I’m going to Zurich for the weekend, visiting some friends.

I try to be a poet. Somehow I feel like I am one.

I am following a real one on Instagram (sentence I thought I would have never used, grumpy and sceptic as I am with these new “social” means, making you even less social than before).

I see on the same f@#g Instagram she is going to Zurich too. She is from New York.

I contact her immediately, maybe I have an occasion to meet your art..?

She replies yes! In few weeks. I am there for few days.

Then she says “well, we can hang out together then”.

OKAY.

We meet and greet. She is calm, sweet, with such a delicate voice. I love voices. I love delicate voices.

I would love my mind to be a recorder, like a proper one, able to keep every single word. I am just a human.

We have lunch together, we walk around during an unexpected sunny day.

I wasn’t expecting anything, but I am definitely impressed. Not by her words, or her aspect, or her shyness: rather by what she radiates. She IS poetry.

I talk more than her; it wasn’t my idea, actually the opposite; still I want to give her something too.

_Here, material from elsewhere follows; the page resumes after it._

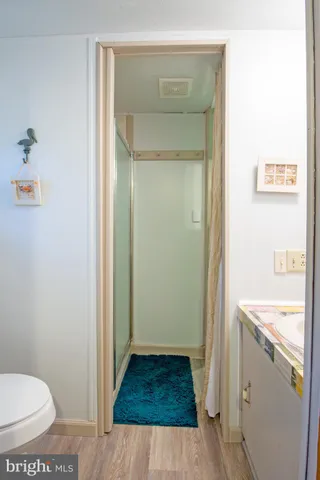 a bathroom with a toilet and a shower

I met Precious Okoyomon, and this is our story.

 

Precious is a young and talented artist. Grown up between London and Lagos, she is currently living in New York. By connecting her daily writings – messages to friends, notes taken on the phone while walking in the streets – she has shaped her own style, still taking inspirations from the authors and artists who touch her soul. She is now introduced to Europe by the art guru Hans Ulrich Obrist, who fell immediately in love with her art. Currently she has her first solo exhibition in Zurich where she present her sculptures made with mixed materials and natural live elements –trees, mushrooms, plants that are constantly growing and blooming. Her three-dimensional poetry.

“My sculptures are a continuum with my poetry, it’s just a different form”.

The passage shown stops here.